GOAL OF THE EXERCISE:
The entries below contain pictures. Write out only the lines from the line with "Loot : Glen" up to and including the line with "Hamac de camping", exactly, without them.

MATERIAL TO PROCESS:
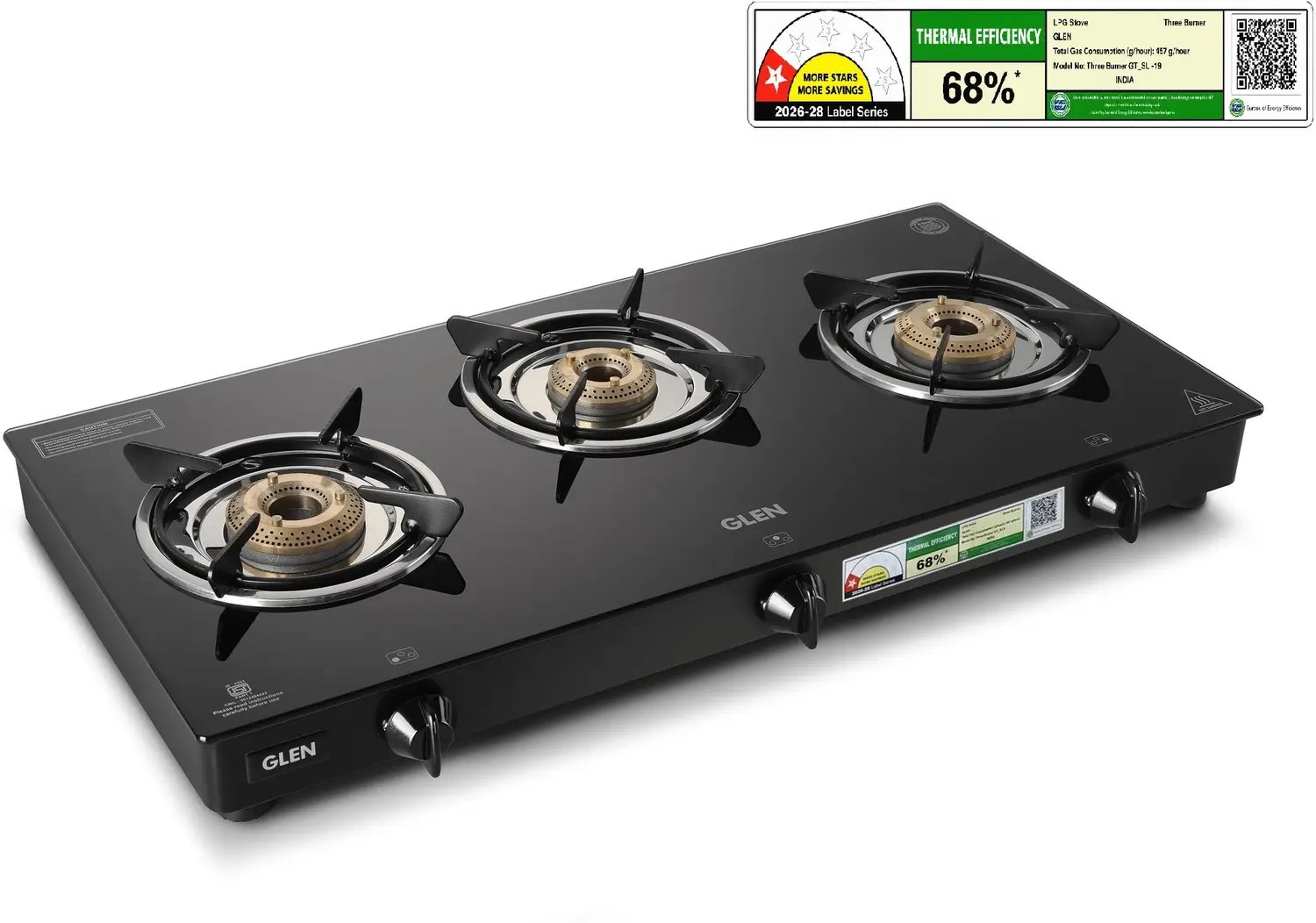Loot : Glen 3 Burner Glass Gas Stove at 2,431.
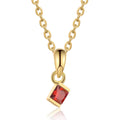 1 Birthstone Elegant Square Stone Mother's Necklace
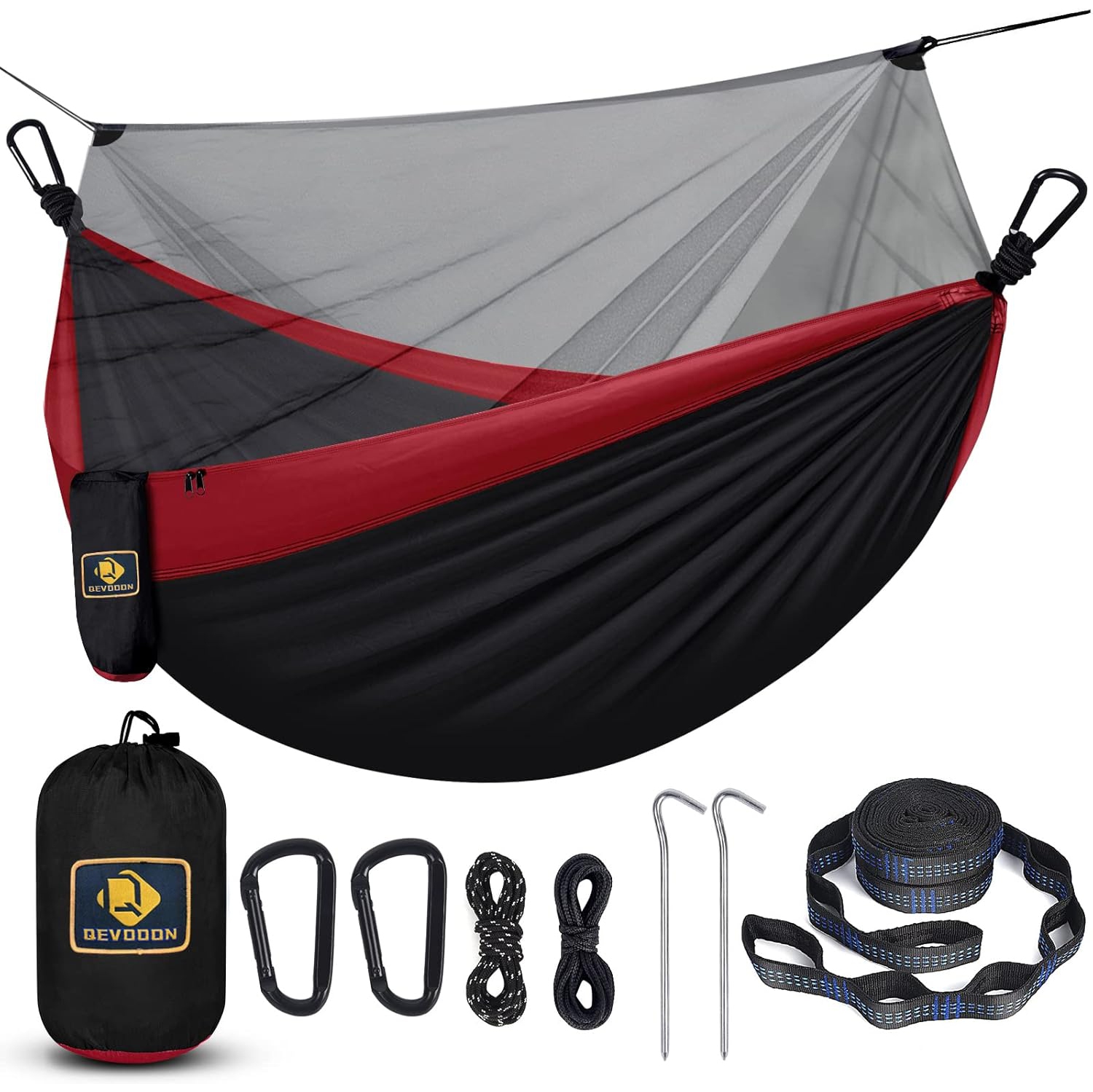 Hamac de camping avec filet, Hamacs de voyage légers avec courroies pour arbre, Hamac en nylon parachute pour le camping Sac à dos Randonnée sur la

* * *

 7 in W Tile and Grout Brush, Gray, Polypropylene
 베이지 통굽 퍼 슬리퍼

RESULT FOR THIS EXERCISE:
Loot : Glen 3 Burner Glass Gas Stove at 2,431.
 1 Birthstone Elegant Square Stone Mother's Necklace
 Hamac de camping avec filet, Hamacs de voyage légers avec courroies pour arbre, Hamac en nylon parachute pour le camping Sac à dos Randonnée sur la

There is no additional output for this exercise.